Attempts have also been made to apply various wear resistant coatings to the susceptible areas of the outer tool surface. However, the application of these coatings can introduce other difficulties. For example, such wear resistant coatings can be costly and difficult to adhere to the tool body. These coatings are known to flake off during service which can result in rapid erosion of the parent metal. The application of a sufficient thickness of coating material also tends to change the geometry of the tool body. Such changes are commonly unacceptable and thus create the need for the removal of parent metal from the tool body, which can in turn compromise tool strength.

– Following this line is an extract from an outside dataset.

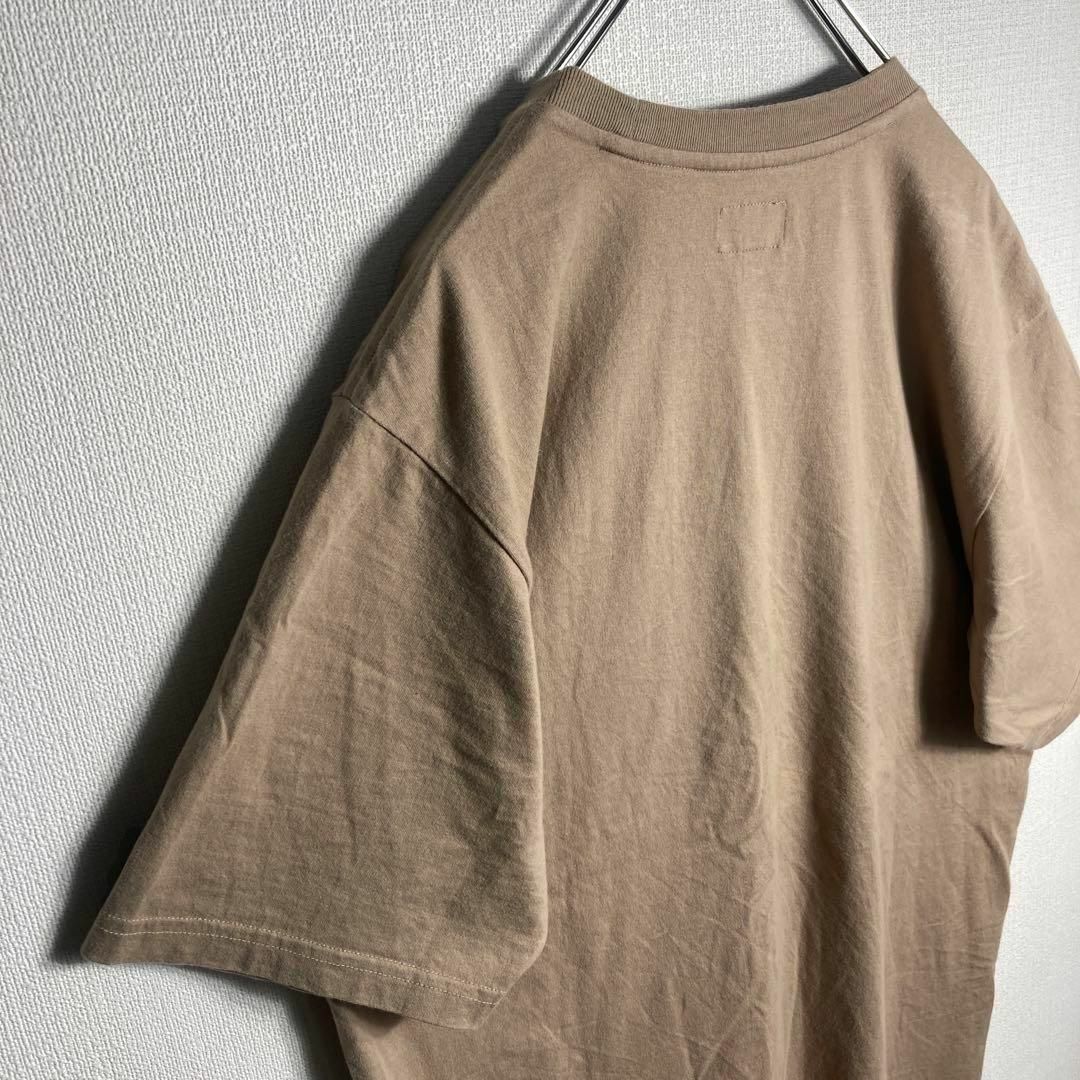 Supreme(シュプリーム)の【即完売モデル】シュプリーム　アーチロゴ　刺繍　人気カラーTシャツ　M　ベージュ メンズのトップス(Tシャツ/カットソー(半袖/袖なし))の商品写真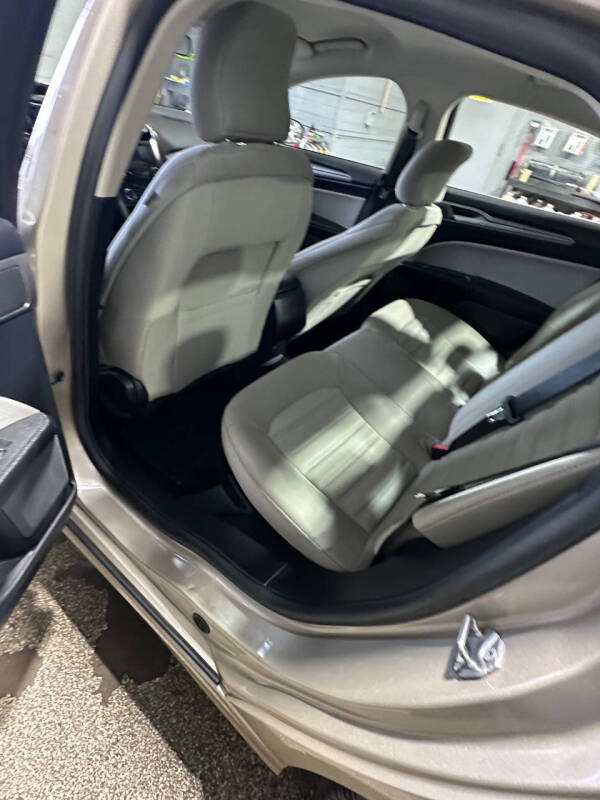 2018 Ford Fusion Hybrid S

Hardbanding techniques have also been utilized (e.g., in lieu of wear resistant coatings). In one such technique, a hardbanding material (e.g., tungsten carbide particulate) is deposited in a weld puddle formed on the surface of the tool. While the use of these techniques can improve wear resistance, they also can increase the susceptibility of the tool to cracking in the weld zone. Such a susceptibility to cracking tends to limit the use of heart banding techniques in downhole applications.
Therefore a need exists for a downhole tool body that resists mud ringing without the need to apply a wear resistant coating or to divert drilling fluid. There also exists a need for a method for increasing the wear resistance of an outer surface on a downhole tool so as to reduce scoring and ringing caused by caking of mud and cuttings during drilling operations.